E come Pari Opportunità?
«Noi abbiamo un Osservatorio, anche se dovrebbe essere ampliato, e dobbiamo capire chi causa la violenza, quali storie, perché, se è un problema culturale soprattutto o no. E da lì si possono vedere quali misure sono efficaci, come intervenire anche nella scuola, ma senza stereotipi. Faremo dei gruppi di studio, anche con specialisti, per com-
prendere questo fenomeno insopportabile. L’anno scorso in Italia sono state uccise 120 donne, è allarmante». Nella scorsa legislatura sono state ridotti parecchio i fondi per i centri anti-violenza. Interverrà per ripristinarli?
«I centri anti-violenza sono importantissimi e per farli funzionare servono risorse. In Italia, tra l’altro, sono attivi grazie al volontariato, mentre in altri Paesi sono in capo alle istituzioni, allo Stato».
Comunque chiederà nuovi fondi? Se spetta a lei?
«Certamente si dovranno cercare soldi, risorse da sottrarre ad altri capitoli di spesa per dirottarli sui centri anti violenza. È uno dei punti sul tavolo. Su tutti questi temi, però, si deve cambiare mentalità».
In che senso?
«Oggi possiamo varare una norma che lì per lì ci fa risparmiare soldi, ma poi si scopre che ha un riflesso negativo sull’occupazione, per dire. Invece si deve studiare una questione a 360 gradi per avere un risultato migliore. Per esempio, come mai da noi i centri anti violenza sono affidati al volontariato? Magari sono più efficaci, non so, bisogna paragonarli, e intanto accogliere i loro suggerimenti. C’è chi si chiede, infatti, se è giusto tenere una donna che ha subito violenza nascosta in un luogo segreto e lasciare il marito a casa, oppure se è meglio mandare fuori lui e non estrapolare la donna dal suo ambiente».
Come ha trovato il clima nel Consiglio dei ministri?
«Buono, un clima di collaborazione per trovare soluzioni che migliorino la qualità della vita delle persone. Sarà un lavoro a breve, medio, lungo termine, si vedrà. Certo, è tempo di vacche magre, magrissime, qui al mio ministero, senza portafogli per tutte e tre le deleghe, cerchiamo di cucinare piatti prelibati con due pomodori e una foglia di basilico… Però io sono motivatissima».

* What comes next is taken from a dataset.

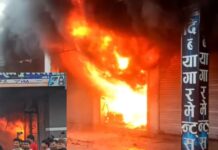 इंदिरापुरम की गौड़ ग्रीन एवेन्यू सोसाइटी में भीषण आग मची अफरा-तफरी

In Italia ci sono tante discriminazioni e tanti razzismi. La feriscono le aggressioni alla sua collega Kyenge?
«Il lavoro di Cécile è molto coraggioso. Ha tutta la mia stima, in lei vedo una persona preziosa, nata altrove e orgogliosa di essere italiana. Questo ci accomuna, anch’io sono nata altrove e sono orgogliosa di essere italiana».